Scraped caption text data:
>>>>>
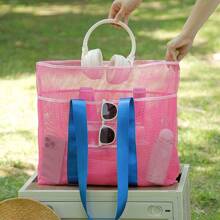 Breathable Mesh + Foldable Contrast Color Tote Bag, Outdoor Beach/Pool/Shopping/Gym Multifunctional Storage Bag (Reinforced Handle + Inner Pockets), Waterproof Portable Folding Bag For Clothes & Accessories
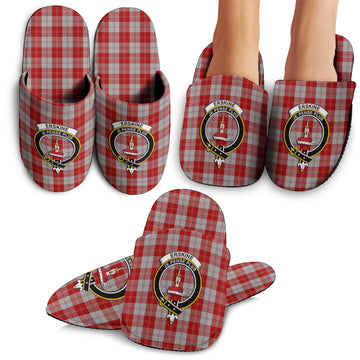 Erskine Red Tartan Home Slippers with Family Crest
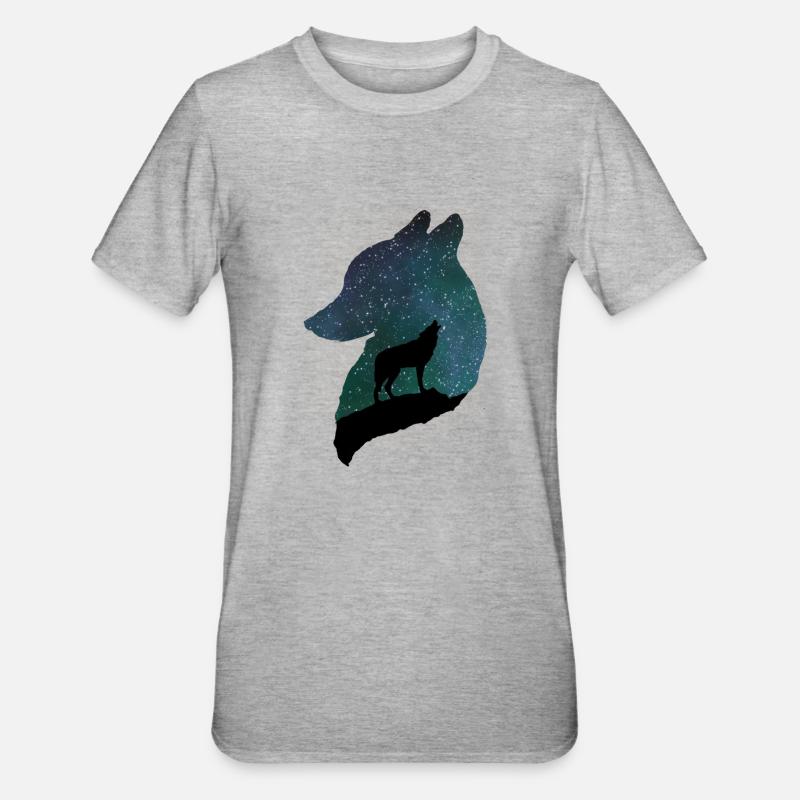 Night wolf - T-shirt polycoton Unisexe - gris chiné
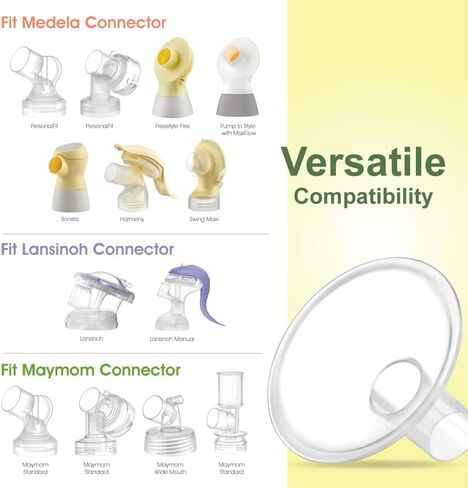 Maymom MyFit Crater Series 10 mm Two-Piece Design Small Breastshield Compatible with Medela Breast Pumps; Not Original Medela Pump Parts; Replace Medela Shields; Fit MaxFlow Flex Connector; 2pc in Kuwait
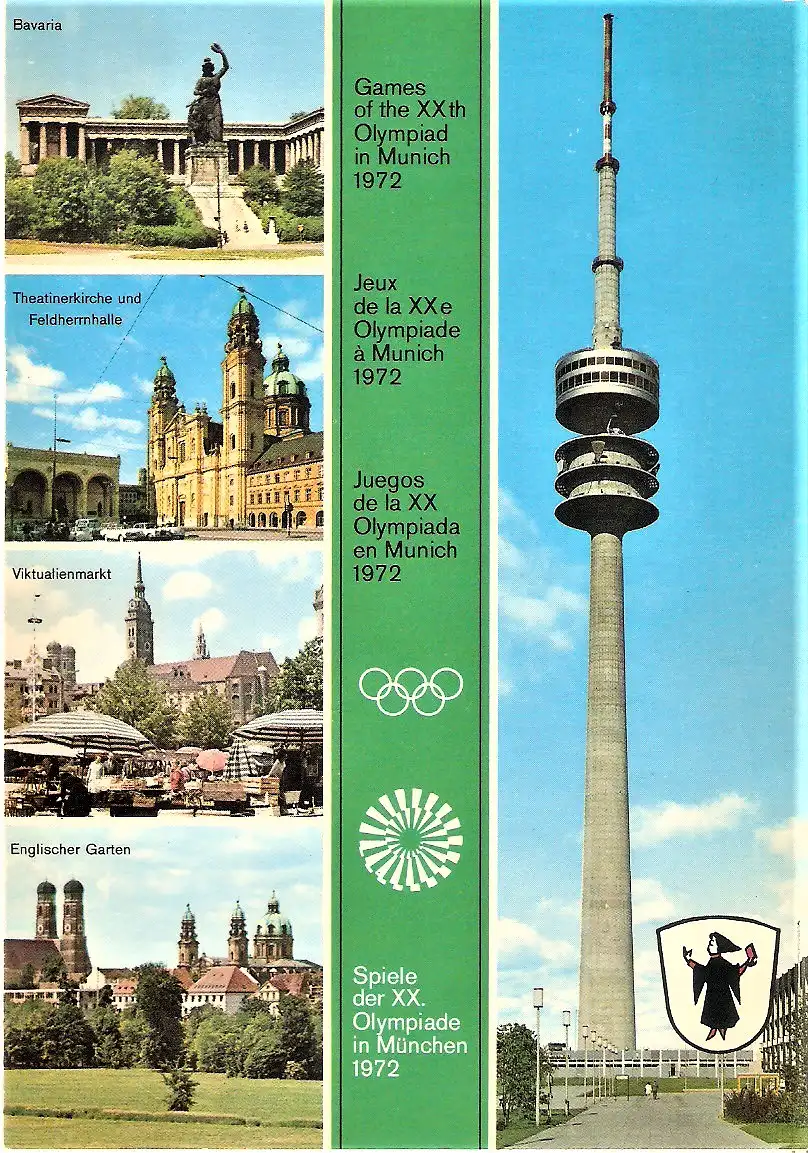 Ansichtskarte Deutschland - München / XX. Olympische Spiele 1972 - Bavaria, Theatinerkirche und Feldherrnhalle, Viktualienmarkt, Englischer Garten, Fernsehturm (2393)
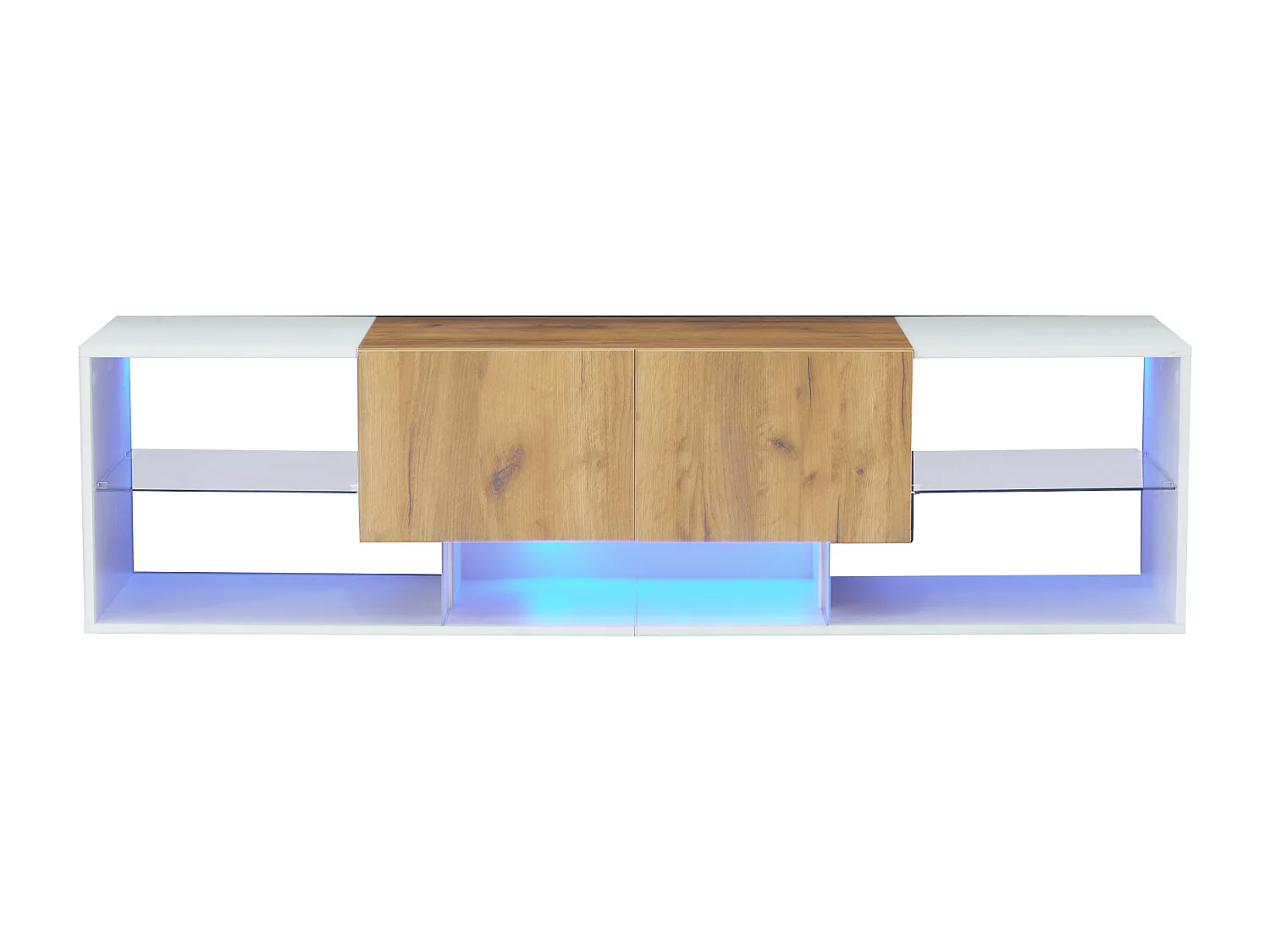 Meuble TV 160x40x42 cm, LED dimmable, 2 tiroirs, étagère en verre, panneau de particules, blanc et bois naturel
<<<<<
# Exercise description:
Provide the lines again, unchanged, from where the data above begins through the line containing "Maymom MyFit Crater", both ends included, omitting pictures and adding nothing.

# Exercise response:
 Breathable Mesh + Foldable Contrast Color Tote Bag, Outdoor Beach/Pool/Shopping/Gym Multifunctional Storage Bag (Reinforced Handle + Inner Pockets), Waterproof Portable Folding Bag For Clothes & Accessories
 Erskine Red Tartan Home Slippers with Family Crest
 Night wolf - T-shirt polycoton Unisexe - gris chiné
 Maymom MyFit Crater Series 10 mm Two-Piece Design Small Breastshield Compatible with Medela Breast Pumps; Not Original Medela Pump Parts; Replace Medela Shields; Fit MaxFlow Flex Connector; 2pc in Kuwait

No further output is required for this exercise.